Relaxation is beneficial for everyone, but especially for those struggling with sleep. As a nation that is terribly sleep deprived and driven to work non stop. Sleep can often be elusive to many. Our minds are going at a rapid rate so it can be quite challenging to slow everything down and allow ourselves time to rest. Practicing some simple relaxation techniques before bed is a great way to wind down, calm the mind, and prepare for sleep.
Here's a list of simple tips to help you relax and slip into dreamland:
- Dim the lights in the hours leading up to bed. This means turning computers off, phones, or any lit screens that affect our natural cycles of sleep and wake.

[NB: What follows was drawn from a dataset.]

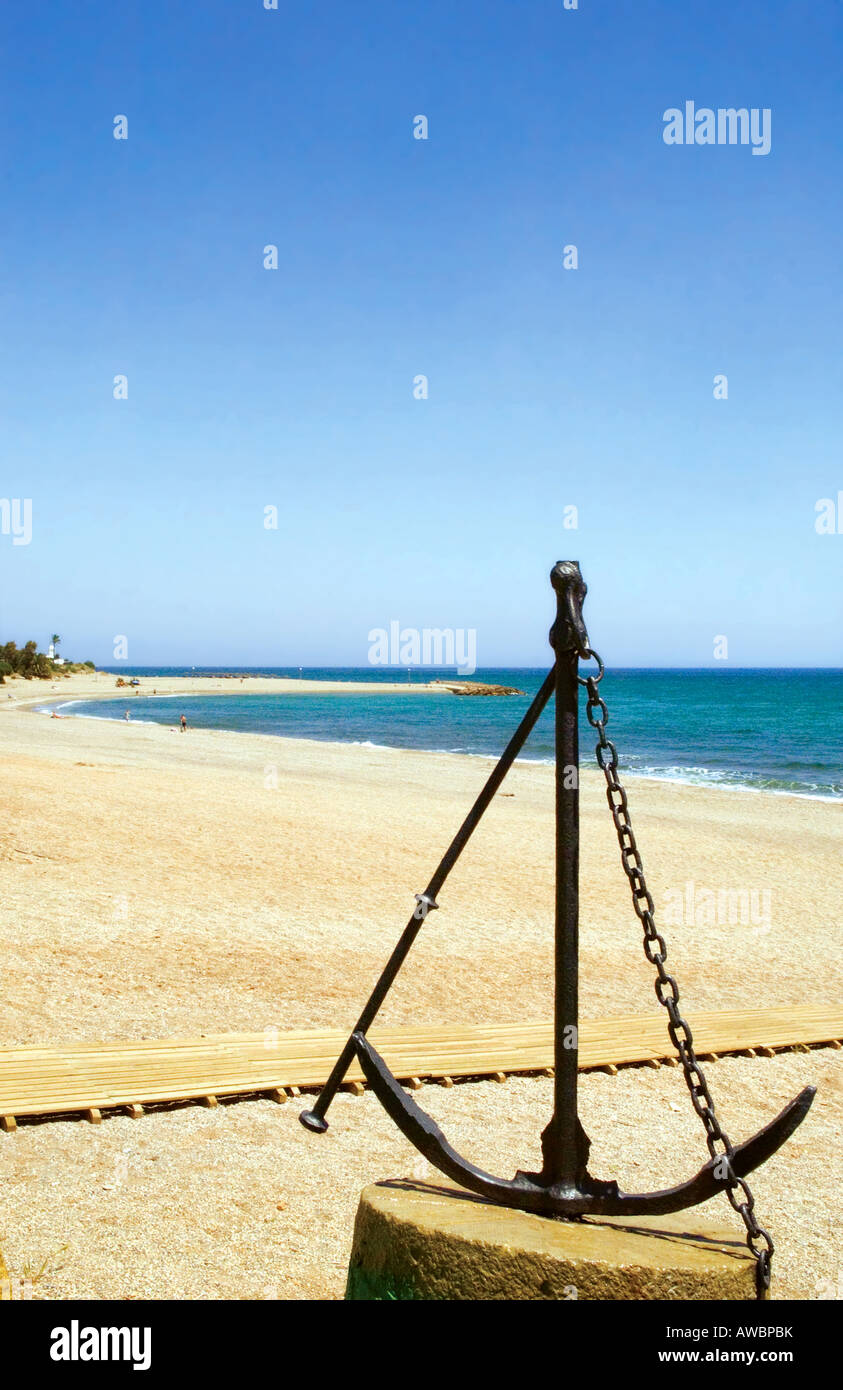 Alte Schiffe Anker mit einsamen Strand und blaues Meer im Hintergrund in Mojacar Playa & Pueblo, Costa Almeria, Spanien Stockfoto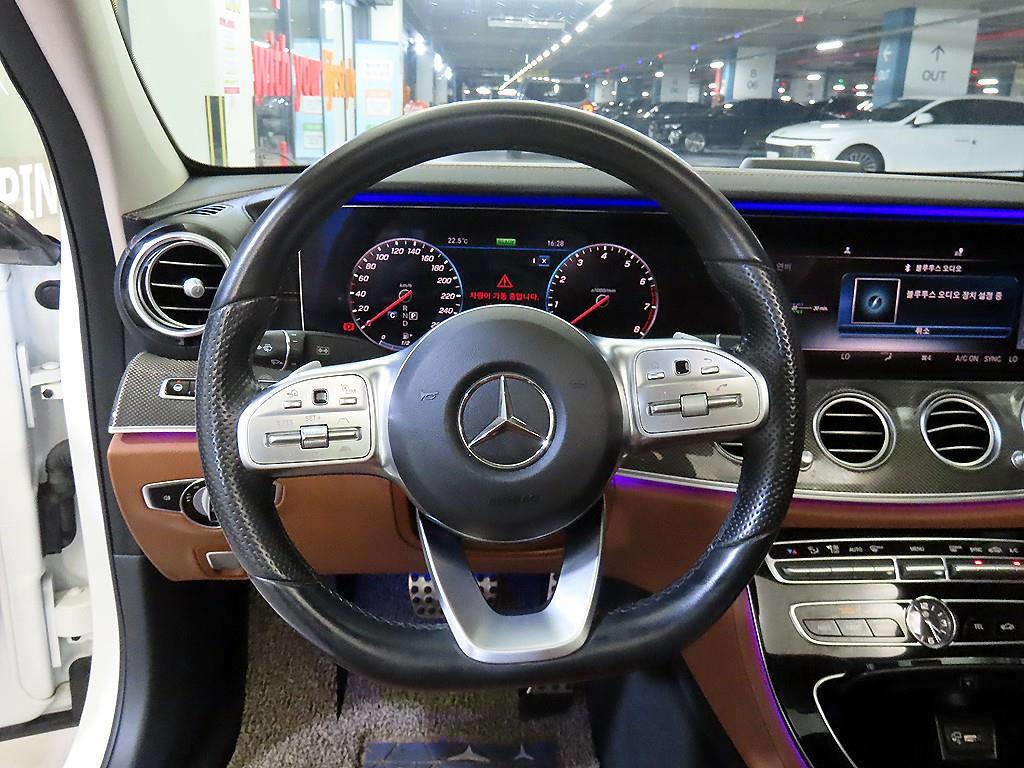 Mercedes Benz E class - Vista 8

- Take a warm bath with essential oils that have a sedative effect. Oils like Lavender, sweet marjoram, vetiver, amongst many others all are known to be stress relieving, tension reducing, and can help relieve insomnia.
- Listen to soft music.
- Progressive muscle relaxation. Starting with your toes, tense all the muscles as tightly as you can, then completely relax. Work your way up from your feet to the top of your head.
- Place your legs up the wall while in bed. This soothing, restorative posture calms the nervous system, eases muscle fatigue, soothes the mind, and helps restore healthy, restful breathing. With slow, rhythmic breathing, you will be tapping into your “rest and digest” nervous response. Be prepared to melt deeply into your sleepy time.
- Deep breathing. Close your eyes, and try taking deep, slow breaths, making each breath even deeper than the last. Work towards extending the exhale longer than the inhale, and linger as long as you comfortably can at the bottom of the out breath.